Captioned web image data
Start of Block

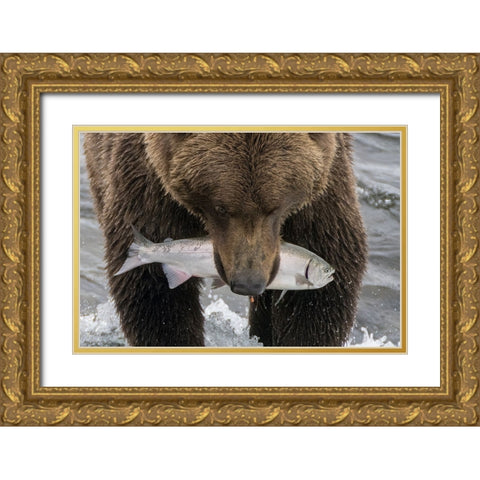 Alaska- Brooks Falls. Grizzley bear holding a salmon in its mouth. Gold Ornate Wood Framed Art Print with Double Matting by Muir, Janet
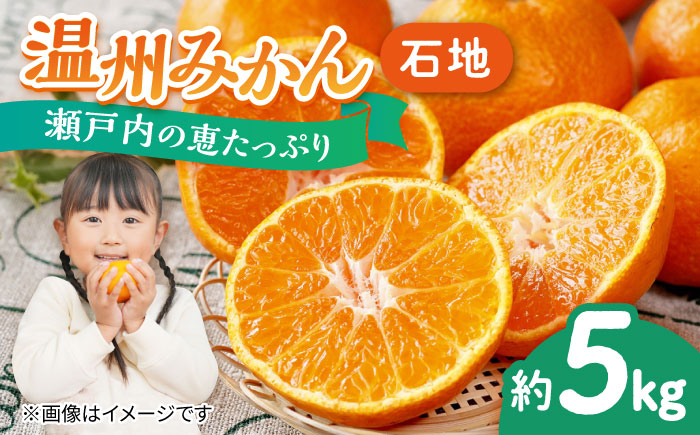 【期間限定】瀬戸内の恵たっぷり！温州 みかん 5kg 石地 中生 ミカン 柑橘＜小原農園＞江田島市[XCE002] 野菜・果物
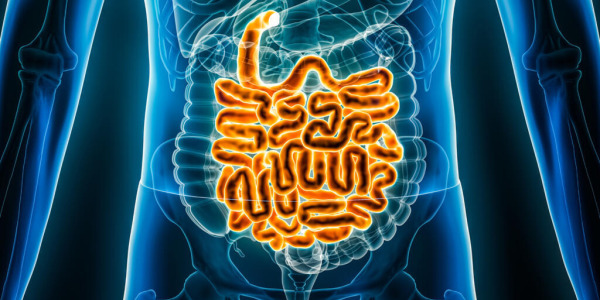 Santé intestinale et microbiote : pourquoi tout le monde en parle en 2026 ?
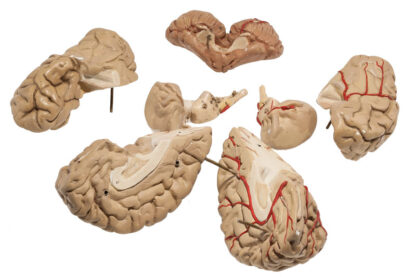 Medizinisches Lehrmittel, Anatomisches menschliches Gehirnmodel – Bild 5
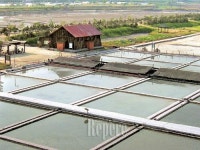 여행과 공부 겸한 생태공원 나들이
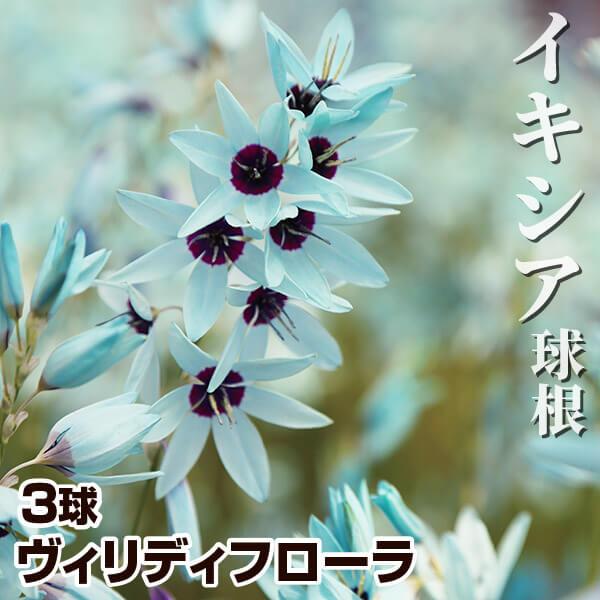原種イキシア 球根 ヴィリディフローラ 3球 原種イキシアの球根 秋植え球根 [メール便配送]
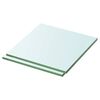 vidaXL Shelves 2 pcs Panel Glass Clear 30x25 cm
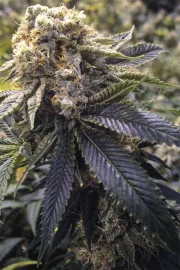 Lost Coast Hashplant – Humboldt Seed Organization – Feminisiert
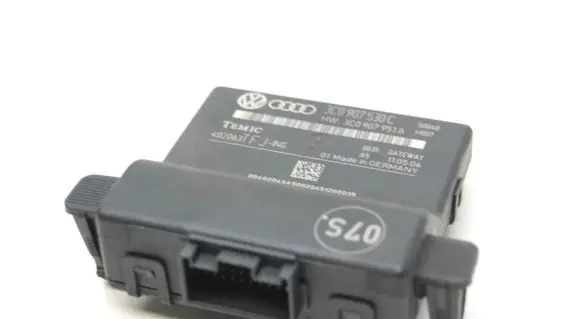 Volkswagen PASSAT B6 Gateway control module 3C0907530C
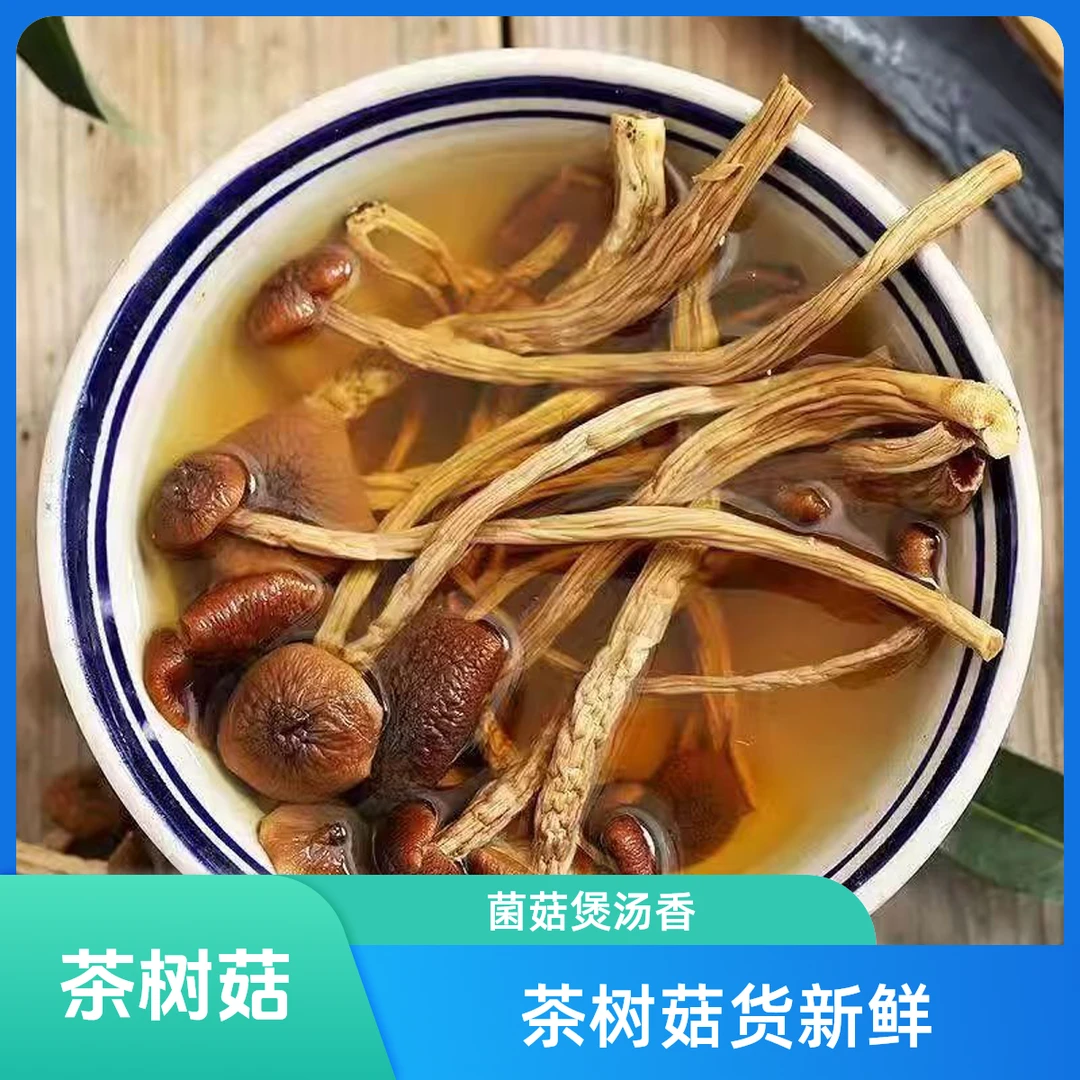 新货茶树菇古田农家新鲜不开茶树菇干货特产新菇菌菇煲汤毛重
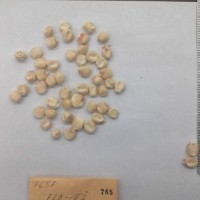 CIMMYTMA 765 - Reference Inventory.jpg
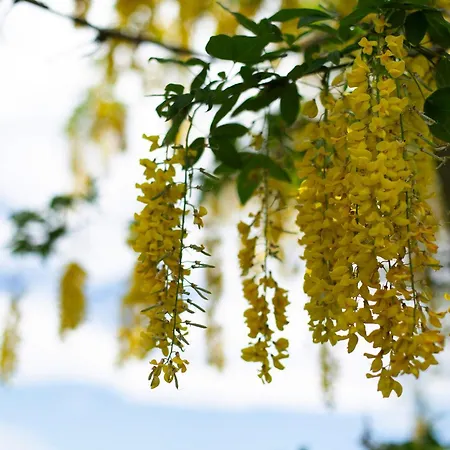 Tinyhaus 1 Ferienhaus Schöllnach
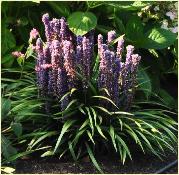 Liriope muscari 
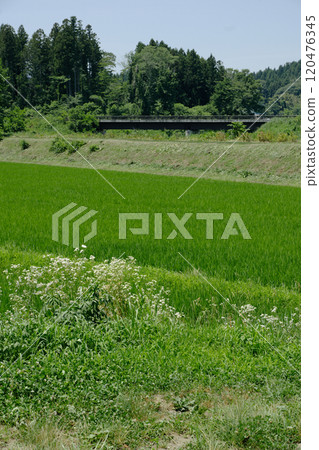 農村風景在夏天鄉下 農村風景在夏天鄉下 120476345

End of Block

Problem details
The records above should be reproduced exactly, with no pictures included.

Output of the task
 Alaska- Brooks Falls. Grizzley bear holding a salmon in its mouth. Gold Ornate Wood Framed Art Print with Double Matting by Muir, Janet
 【期間限定】瀬戸内の恵たっぷり！温州 みかん 5kg 石地 中生 ミカン 柑橘＜小原農園＞江田島市[XCE002] 野菜・果物
 Santé intestinale et microbiote : pourquoi tout le monde en parle en 2026 ?
 Medizinisches Lehrmittel, Anatomisches menschliches Gehirnmodel – Bild 5
 여행과 공부 겸한 생태공원 나들이
原種イキシア 球根 ヴィリディフローラ 3球 原種イキシアの球根 秋植え球根 [メール便配送]
 vidaXL Shelves 2 pcs Panel Glass Clear 30x25 cm
 Lost Coast Hashplant – Humboldt Seed Organization – Feminisiert
 Volkswagen PASSAT B6 Gateway control module 3C0907530C
 新货茶树菇古田农家新鲜不开茶树菇干货特产新菇菌菇煲汤毛重
 CIMMYTMA 765 - Reference Inventory.jpg
 Tinyhaus 1 Ferienhaus Schöllnach
 Liriope muscari 
 農村風景在夏天鄉下 農村風景在夏天鄉下 120476345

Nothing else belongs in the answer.